“…the art of photography is a dynamic process of giving form to ideas and explaining man to man.” -Edward Steichen (the very first photographer I ever fell in love with). I just read and looked through a book I got this January: The Family of Man. It was created by Mr. Steichen, and was at the time (printed in 1955) considered to be “the greatest photographic exhibition of all time-503 pictures from 68 countries.” After slowly diving in to this book, which from the cover looks like a children’s book, I cannot help but feel the need to document, travel, explore, and meet. This desire is unexplainable. Something I always have. Its intensity comes and goes, but the urge never leaves me. The black and white photographs contained in this book’s pages blow my mind. What it took to get the images…the stories behind them…the significance of them…the value and impact they have had a continue to possess…

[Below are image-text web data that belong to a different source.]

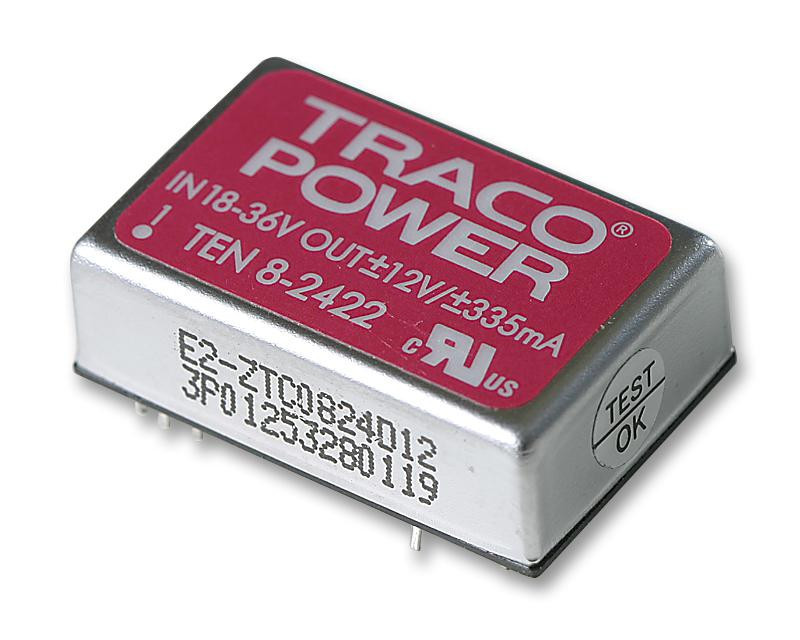 TRACO Power Ten 8-2422 Converter, Dc/dc, 8W, +/-12V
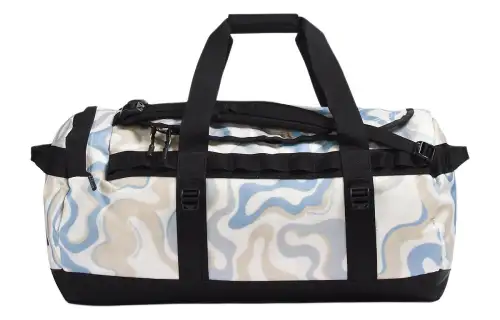 THE NORTH FACE 71L Outdoor Bags Recycled Polyester White Sand Dune Wave Line Print & Black Unisex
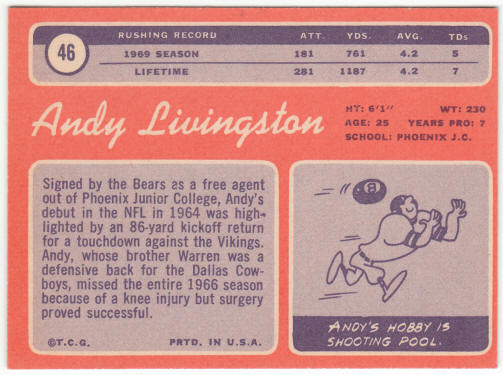 1970 Topps Football #46 Andy Livingston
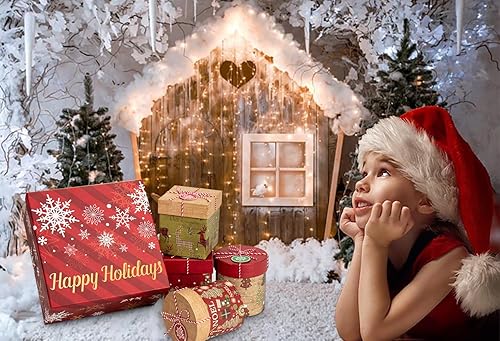 GnFlus Christmas Gift Box Pack Nesting Gift Boxes for Presents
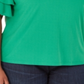 Blusa feminina plus size com mangas franzidas e babados da INC International Concepts, verde, tamanho único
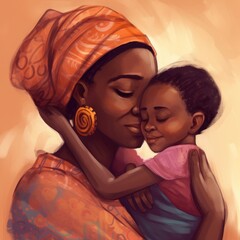 Mother day, illustration, hug, love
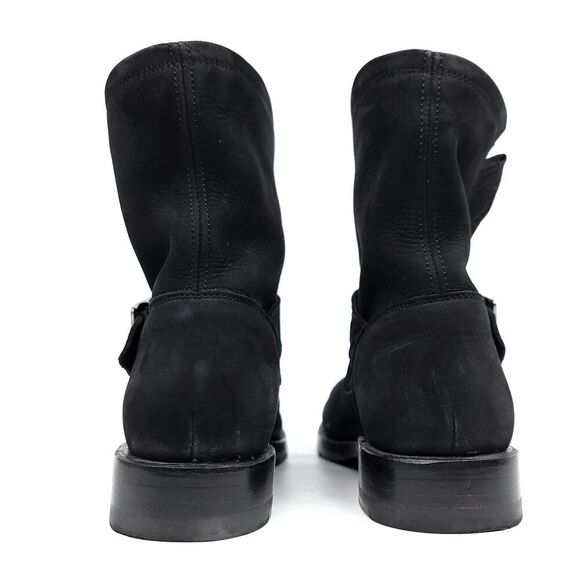 Frye Boots Natalie Short Engineer Boot Black Nubuck Leather Ankle Riding Booties - Picture 6 of 11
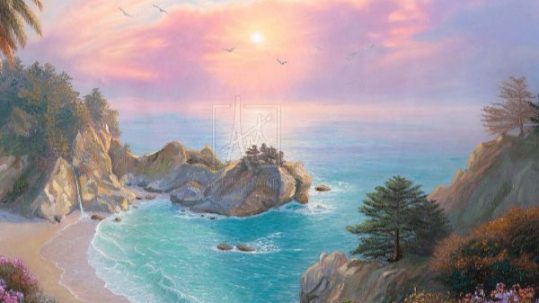Mcway Cove Sanctuary By Francisco Caballero. The Rising Sun Turns The Sky Over Big Sur And The Ocean Purple And Orange, With Blooms Littering The Foreground.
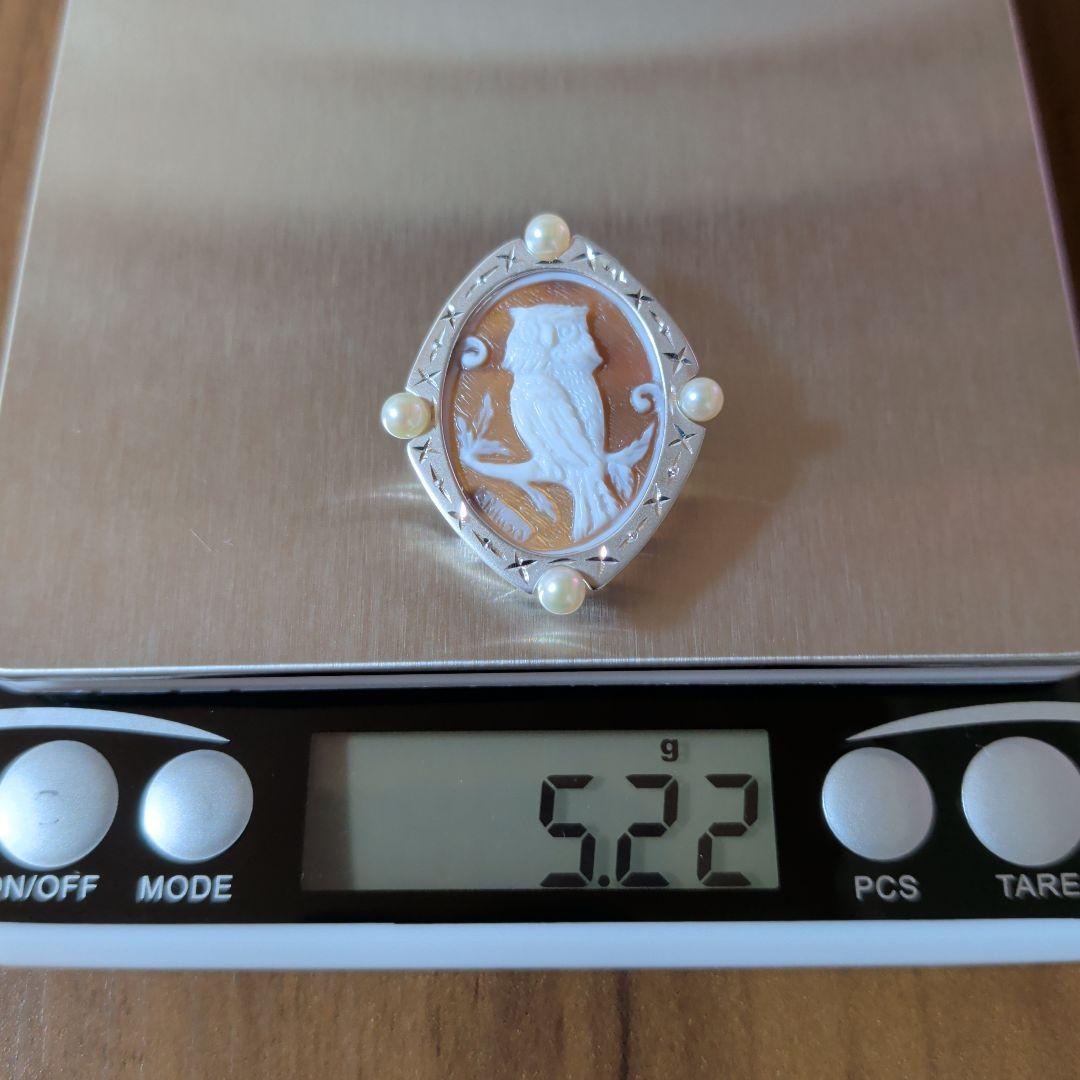 ブローチ ペンダントトップ 2way K18 K14 WG シェルカメオ 真珠 - メルカリ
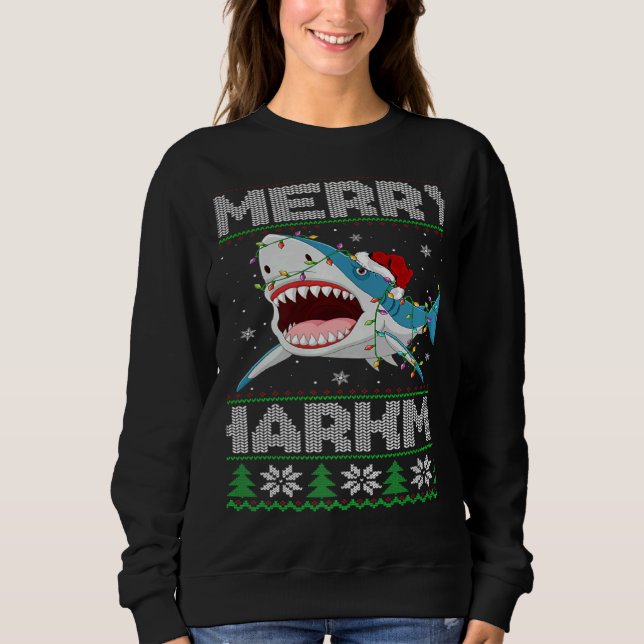 Hai-Weihnachtslichter Hai-Hässlich-Frohe-Hai-Weihn Sweatshirt (Vorderseite)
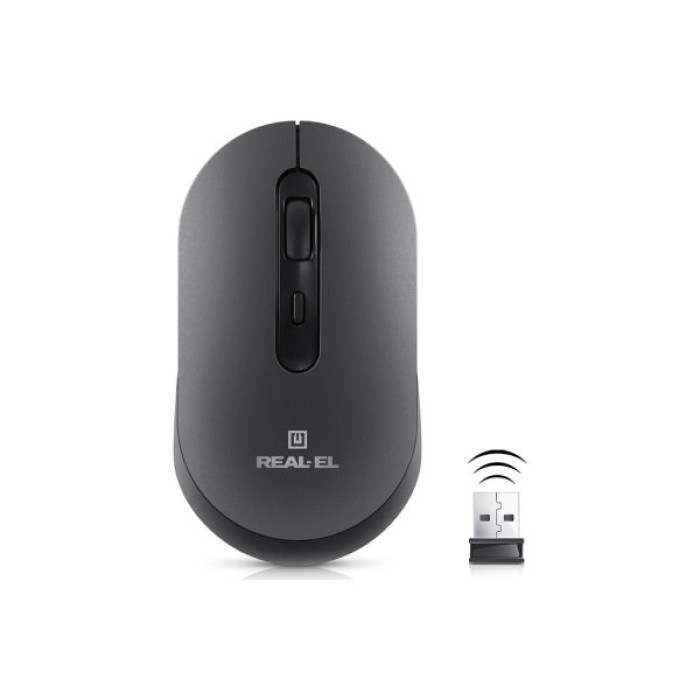 Мишка REAL-EL RM-470W Wireless/Bluetooth Dark Gray (EL123200049)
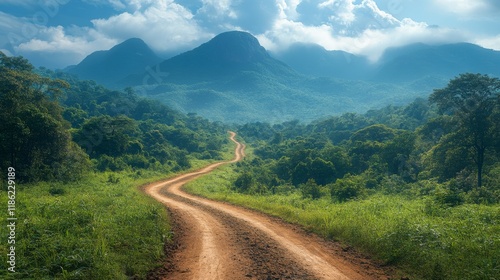 Majestic dirt road winding through golden grasslands under a blue sky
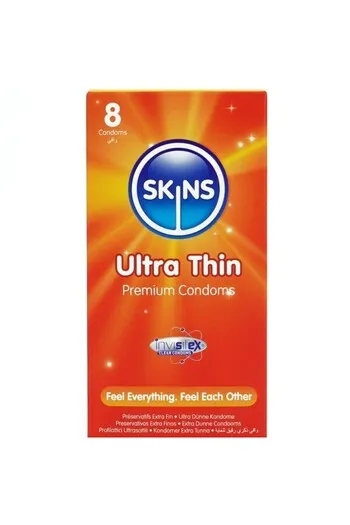 Skins Ultra Thin 8-Pack: Condom Ultra Sottili per Massima Intimità | +33% vs Leader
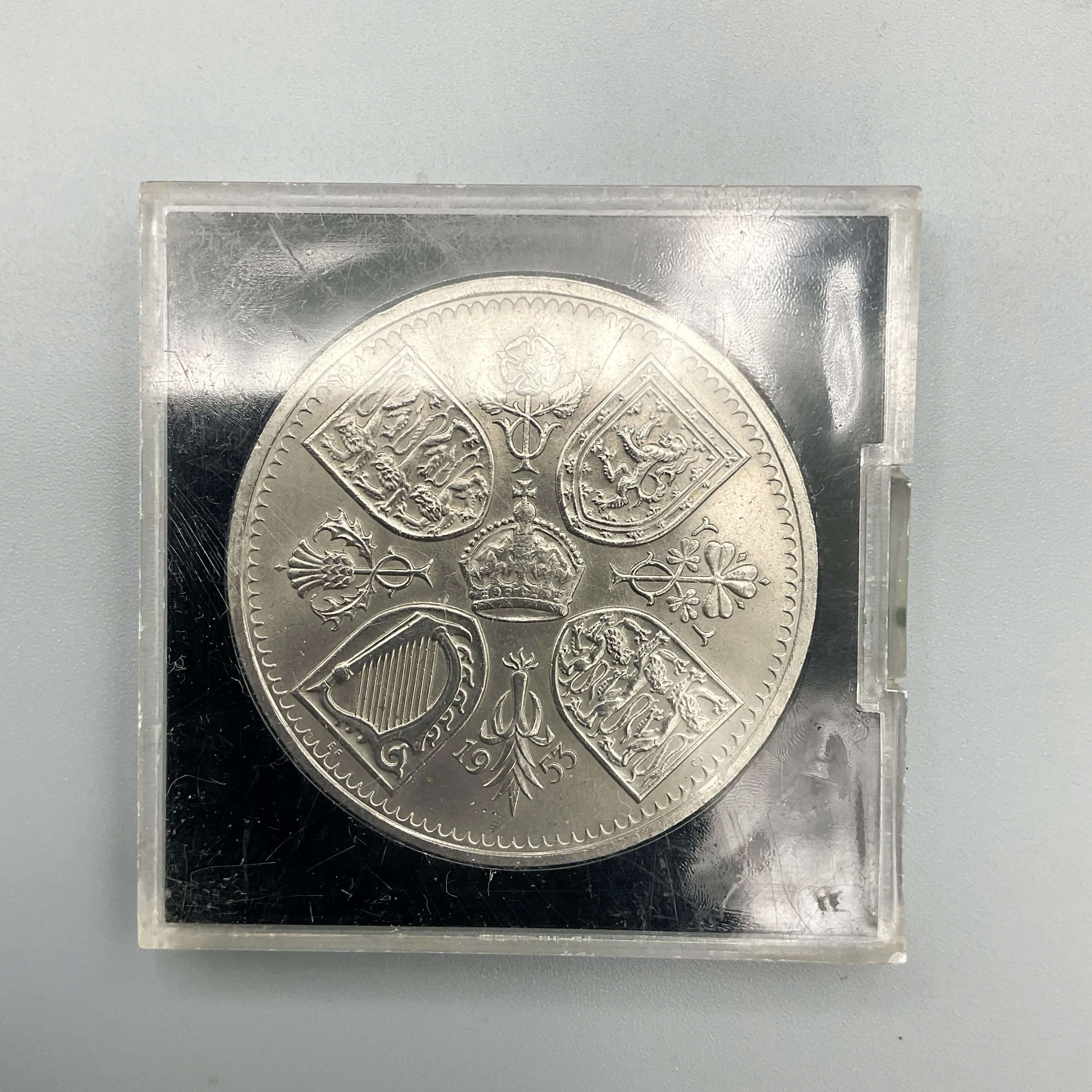 Queen Elizabeth II Coronation Five Shilling Coin in a Perspex Case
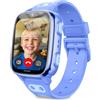 Atopment Smartwatch Orologio Intelligente Bambini 4G GPS Videocall Ragazzi (Blu) | Telefon, SOS, Controllo Genitori, Videochiamata,SMS, Modalità Classe , Rifiuto, Chiamate, Sconosciute, Contapassi, Giochi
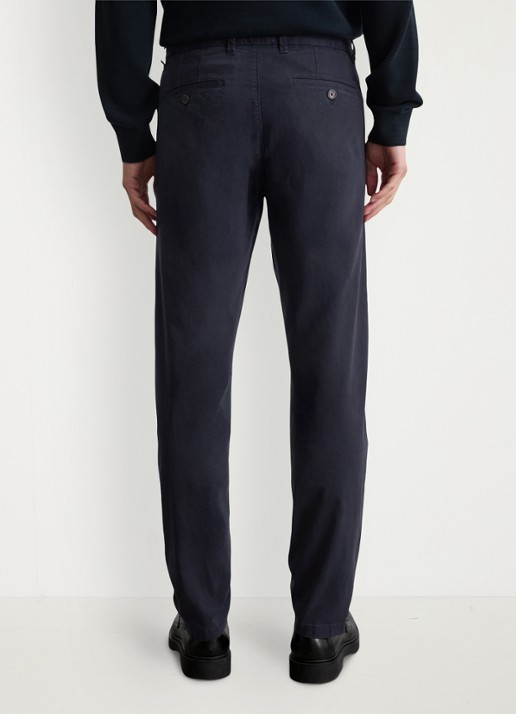 Marc O'Polo Tapered fit chino in katoenblend - achterkant dark navy-4131 / blauw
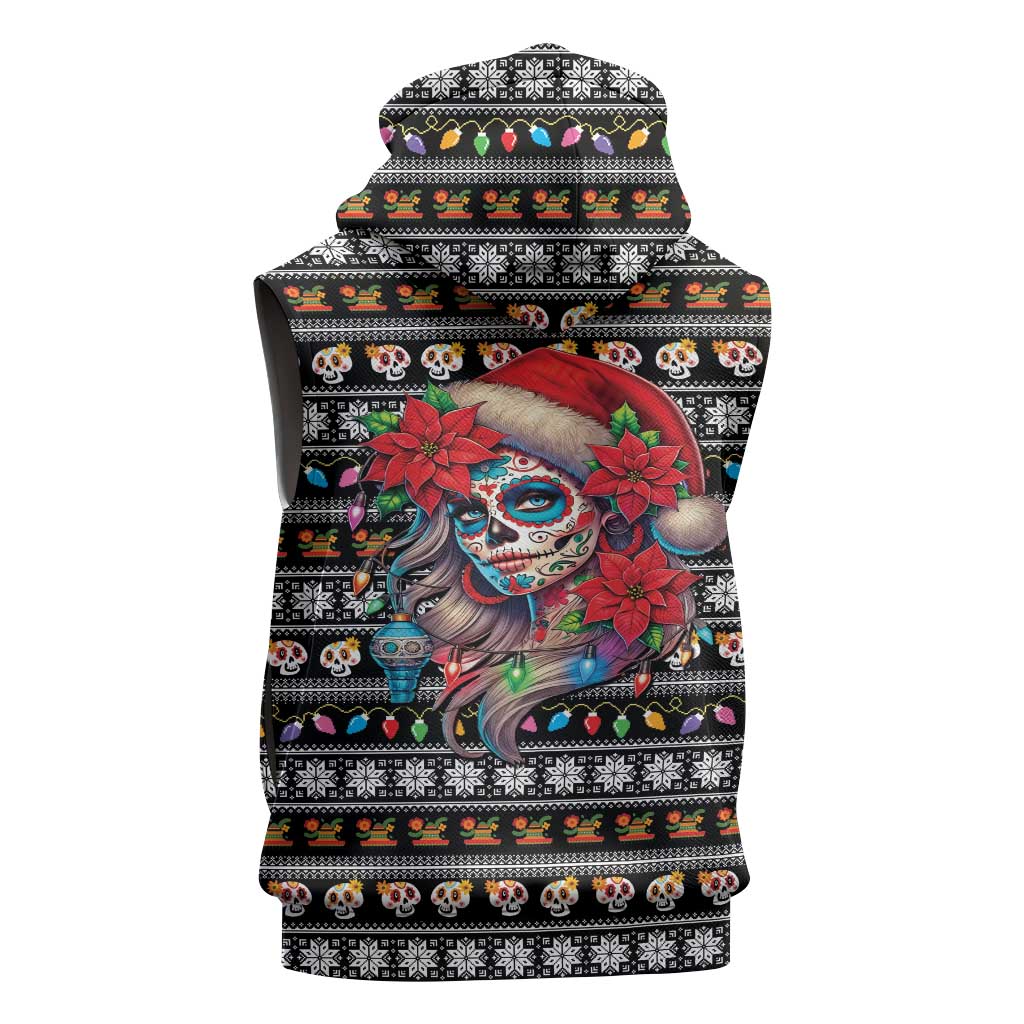 Mexican Sugar Skull Lady Christmas Sleeveless Hoodie Feliz Navidad Mexico - Wonder Print Shop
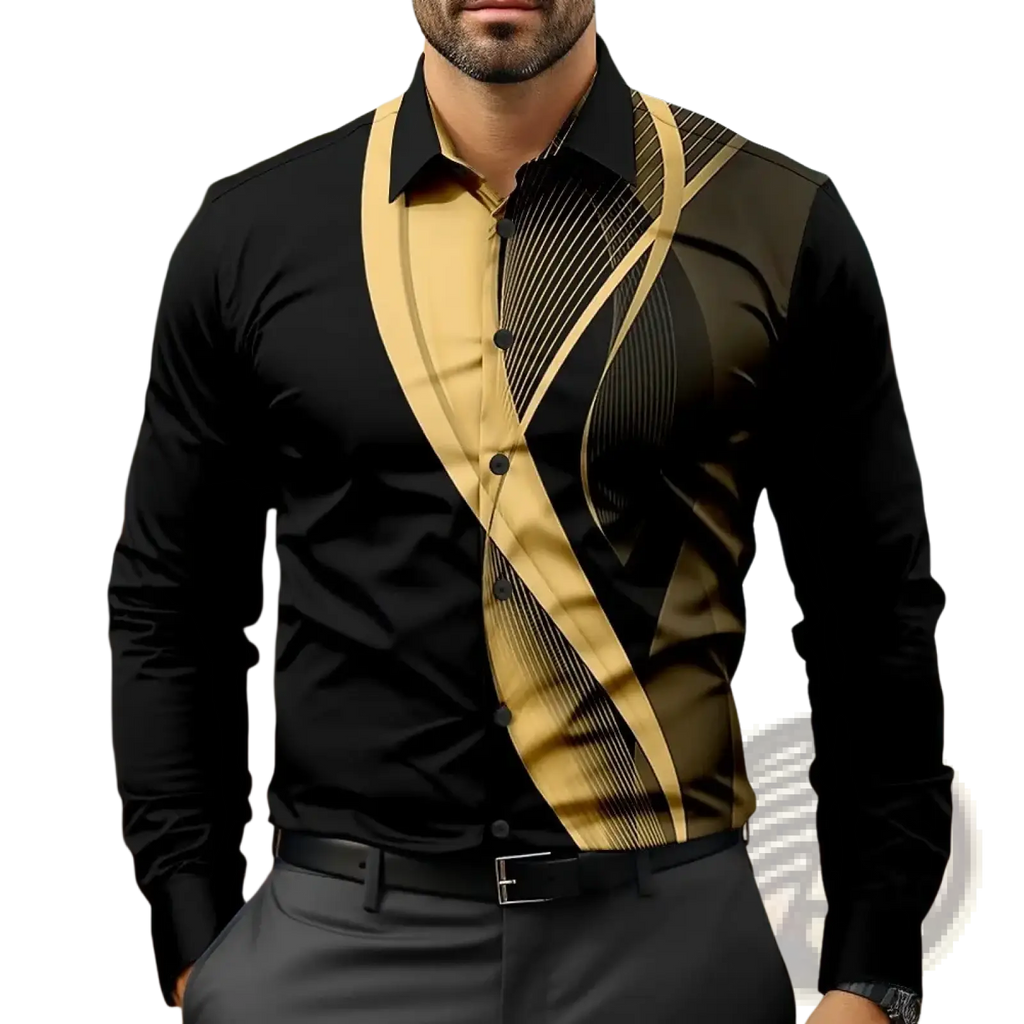 Men striped long sleeve casual shirt in black and gold with diagonal stripes and button-up front design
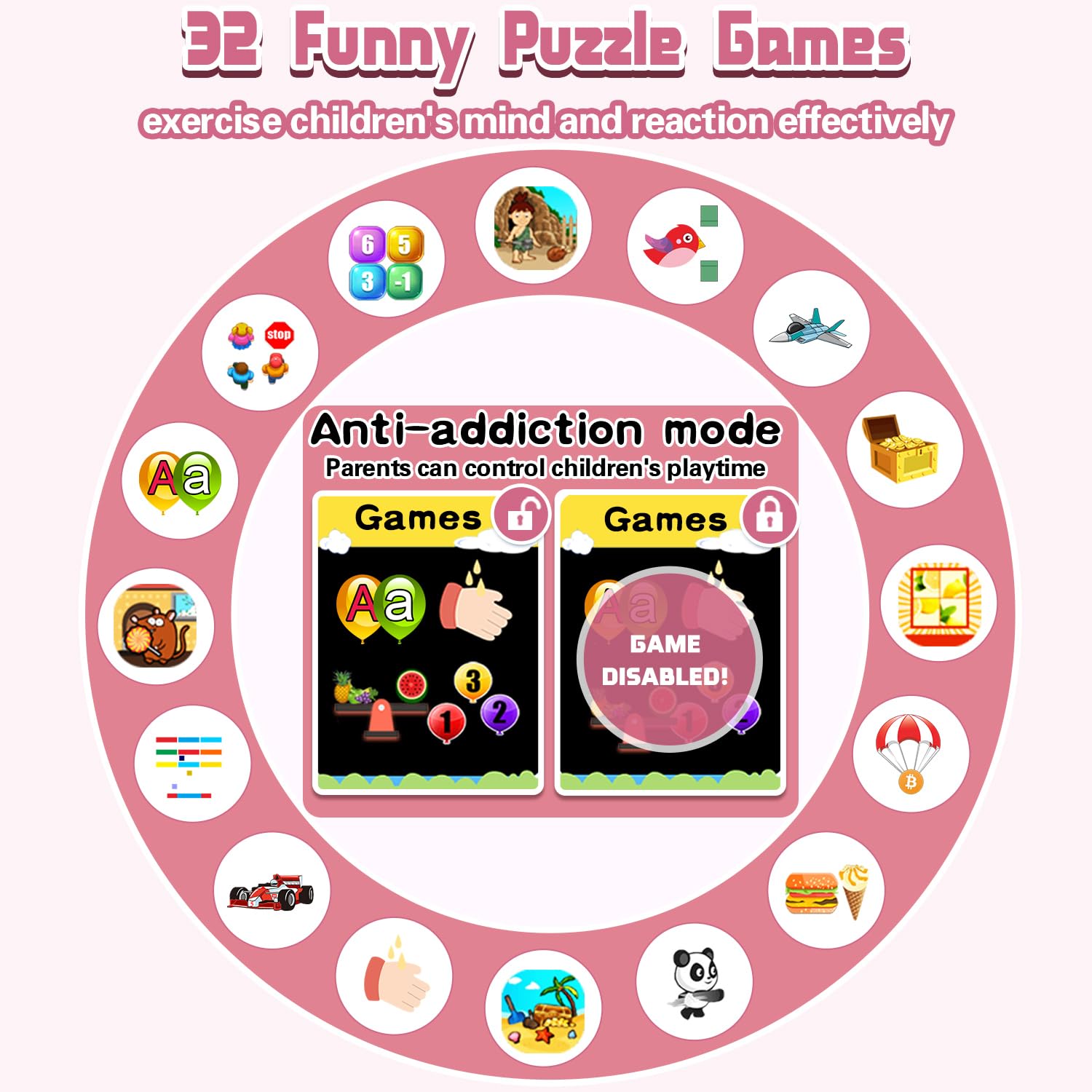 Waterproof Smart Watch For Kids Girls Age 5-12 With 32 Games, Dual Camera, Habit Tracking, Music Player, Video, Hd Touchscreen K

I will leave you with a quote from Bill Bangham, photojournalist and current director of photography for the IMB. He once said to me….
“If you want the people to care about the people in your photos, you have to see them. Its the way we do that that matters. Let them know from your body language that you care about them.” Then, after telling me about how he got the privilege of photographing a Muslim woman in her home, after building a deep relationship with the family, he said, “I was no longer a stranger.”
[Photo taken at a medical clinic in a Vietnamese village outside of Phnom Penh, Cambodia. Summer 2009.]